Le message paradoxal aouniste, mêlé d’attaques et de mises en garde d’une part, et d’appels au dialogue et au partenariat de l’autre. Photo Nasser Traboulsi

Le passage de la phase de l'affrontement militaire à celle du dialogue politique – décrit par une source bien informée du Futur – s'est confirmé avec la visite officielle à Beyrouth du ministre iranien des Affaires étrangères, Mohammad Javad Zarif. Protagoniste de l'accord sur le nucléaire et acteur-clé de l'aile iranienne dite réformiste, relevant du président Hassan Rohani, le ministre s'est exprimé à Beyrouth en termes neufs, d'espoir et d'ouverture, nés d'une « nouvelle vision qui s'offre à la région, fondée sur le dialogue ». Ce discours, qui reste pour l'instant d'ordre moral, accompagne la dynamique diplomatique, déjà initiée – mais encore longue – pour une solution au conflit syrien.

En attendant que se précise cette solution, l'heure au Liban reste au maintien de la stabilité et, par voie de conséquence, au maintien du gouvernement. Ce souhait iranien était manifeste dans l'appui exprimé par le chef de la diplomatie iranienne au Premier ministre Tammam Salam, mardi, au Grand Sérail. En signe de bonne foi, le diplomate a veillé à rompre avec la tradition, entretenue jusque-là par les responsables iraniens en visite au Liban, de se rendre à la sépulture de Imad Moghniyé, relève un observateur.
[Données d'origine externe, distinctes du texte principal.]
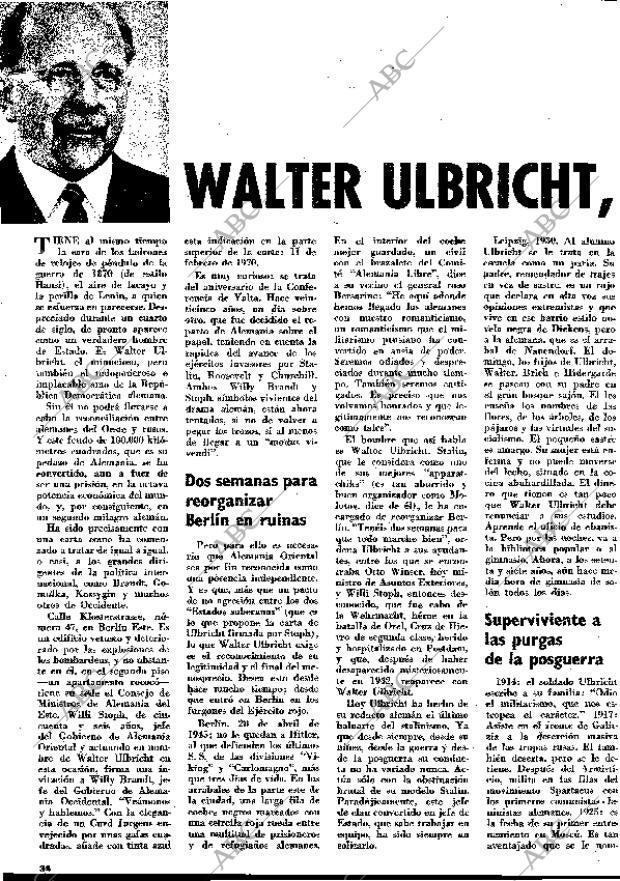 BLANCO Y NEGRO MADRID 07-03-1970 página 34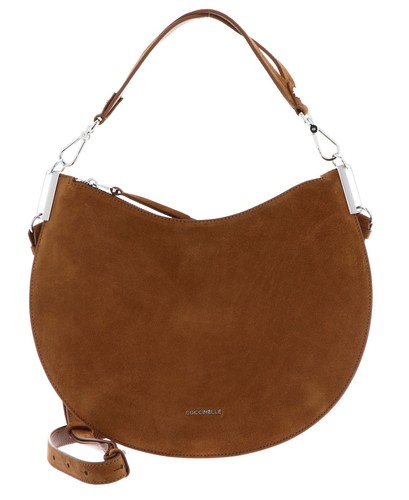 Coccinelle sunup handbag suede - coccinelle,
Ce qui ne l'a pas empêché, pour autant, d'entretenir en filigrane le discours traditionnel de lutte contre Israël et contre le terrorisme, une lutte dont l'accord sur le nucléaire serait le nouvel outil, selon lui. Parallèlement à ce discours officiel, il aurait notifié ses interlocuteurs respectifs du Hezbollah et du Courant patriotique libre (CPL) de l'impératif de maintenir le cabinet Salam.

Ce plafond étant fixé, aucun signe d'une éclaircie intérieure ne pointe encore. Même si certains observateurs jugent possible que le déblocage institutionnel au Liban précède une solution en Syrie. D'une part, l'insistance du ministre iranien sur « la non-ingérence de Téhéran dans les affaires intérieures libanaises » laisse sceptiques les observateurs quant à un déblocage prochain de la présidentielle. En effet, cet argument avait été avancé par M. Zarif en réponse à son homologue français, qui tentait, le mois dernier à Téhéran, un déblocage de la présidentielle libanaise, dans le prolongement de l'initiative de l'émissaire français Jean-François Girault, et avec l'appui de principe de Washington.


(Lire aussi : Zarif assure à Beyrouth le service après-vente de l'accord avec Téhéran)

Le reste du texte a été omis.